Agora, desejando, pode acrescentar um pouco de sal (às vezes, contemporaneamente, se une uma colherada de azeite de oliva). Passe novamente o cuscuz para a parte superior da cuscuzeira e prossiga o cozimento a vapor por mais trinta minutos. Alguns preferem cozinhar o cuscuz expondo-o apenas ao vapor da água fervente, e então o serve com um guisado preparado à parte.
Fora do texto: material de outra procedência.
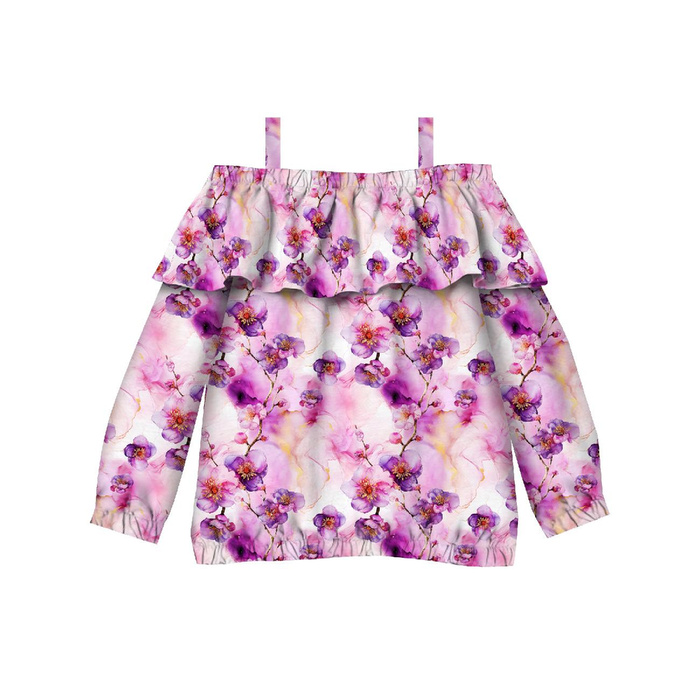 Carmenausschnitt Bluse "VIKI" (98-104) - ALCOHOL PASTEL WZ.7- Nähset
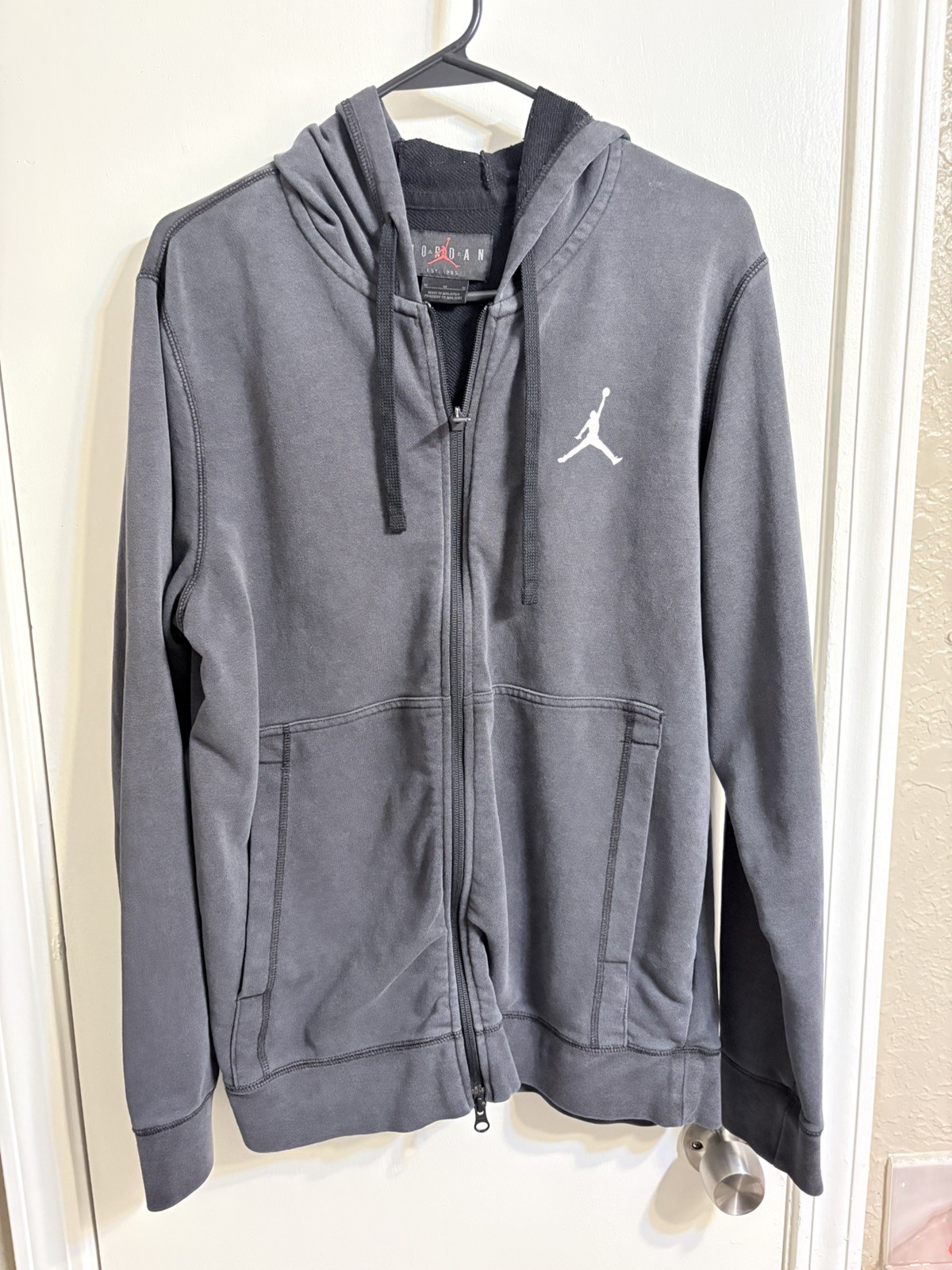 Men’s Nike Jordan Dri-Fit  Full-Zip, Double Zippered Hoodie - Gray, Medium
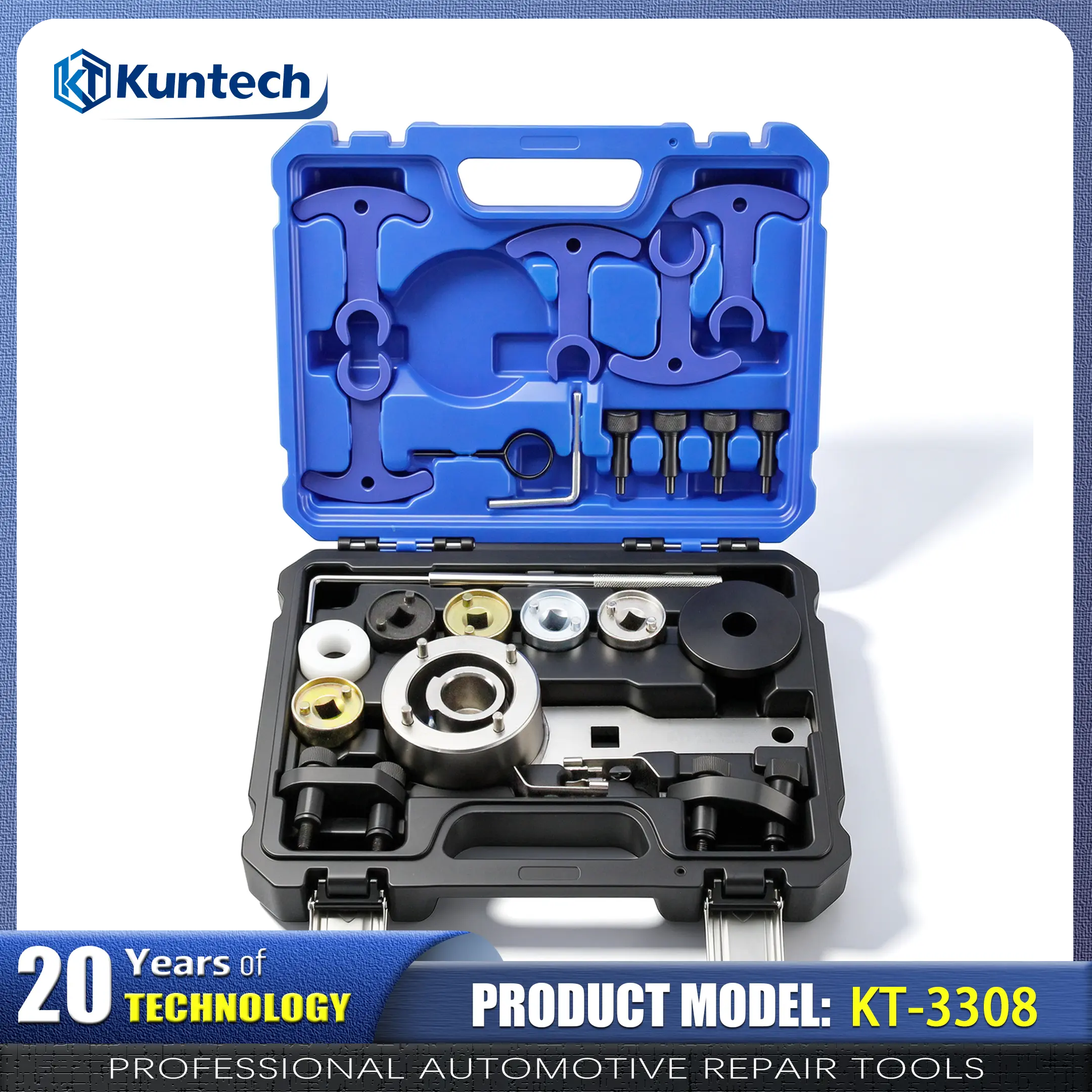 Kuntech KT-3308 EA888 Series Timing Tool Set for Volkswagen, Audi, Skoda 1.8T/2.0T Turbo Engines (Gen2/Gen3), 3rd Gen Special Camshaft Socket, Raised Wrench, Full Cam Locking Fixture Kit with Wide Vehicle Compatibility, Seat Installation Support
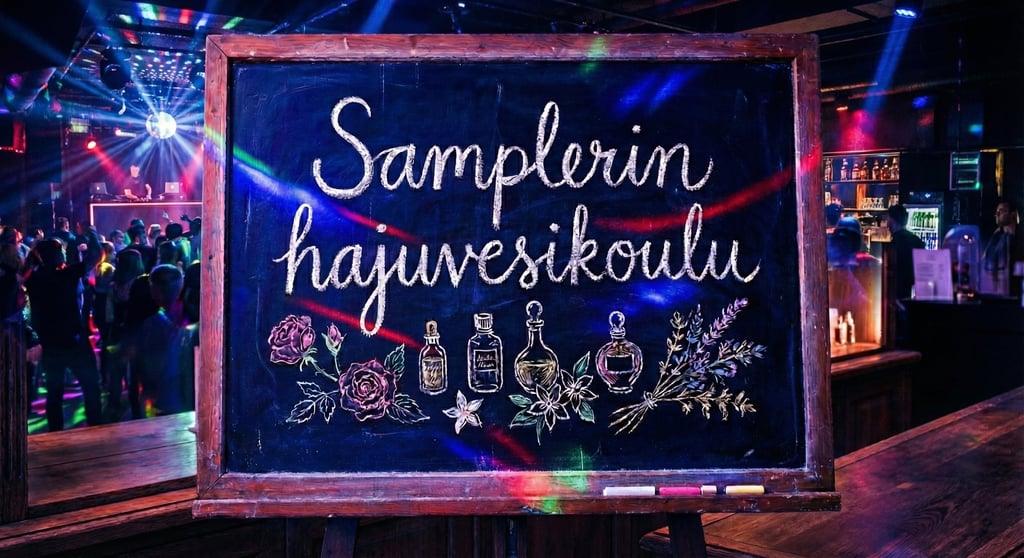 "Samplerin hajuvesikoulu" liitutaululle kirjoitettuna, taustalla yökerho valoineen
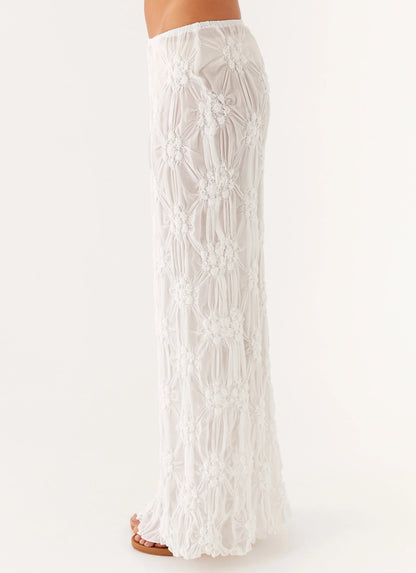Effortlessly Low Rise Maxi Skirt Ivory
Existe hoje no comércio o cuscuz pré-cozido, cuja preparação pede pouquíssimos minutos. Siga as instruções que encontrará na embalagem sobre o preparo do cuscuz.

 

Outros tipos de cuscuz Magreb

Cuscuz com nozes

É um prato delicioso. Se pega a quantidade necessária de carne de vitelo, de carneiro e de galinha gorda. Faz-se cozinhar com as especiarias conhecidas (habituais). A parte, uma berinjela, inteira e pelada, é cozida em água salgada, e depois escorrida e enxuta. Quando a carne, e as hortaliças, estiverem quase cozidas se procede a cozedura do cuscuz como indicado precedentemente. Depois se coloca o cuscuz em um prato e, usando as pontas dos dedos, se esfrega suavemente com manteiga de nozes morna. Pilar o ásaro e a canela, no almofariz, um pouco amassado. Dispõem-se as carnes e a verdura, e se pulveriza de canela e ásaro. E se consome, como Deus desejar.

 

Ghassanide

Necessita-se extrair da carne e das verduras cozidas o caldo. Filtrar o caldo eliminando os ossos e qualquer outra coisa. Reserve-o numa panela. Depois coloque dentro o cuscuz. Deixe-o até absorver todo caldo. Coloque-o em um prato e sobre ele a carne e as verduras. Então se come. Este prato é chamado o “ghassanide”.

Também se pode fazer este cuscuz com um caldo de carne cozida com vinagre e açafrão, segundo as receitas do “tharid”; e as suas verduras serão berinjela e abobrinha. Trata-se certamente de uma receita que usa o cuscuz pré-cozido.

O “tharid” é um prato tradicional árabe, o preferido do profeta Muhammad. A base da receita é grão-de-bico, temperos como o cominho, pimenta e açafrão entre muitos outros, carne de carneiro, e tudo é cozido com muito caldo que é derramado sobre fatias de pão, ainda ovos complementam a receita.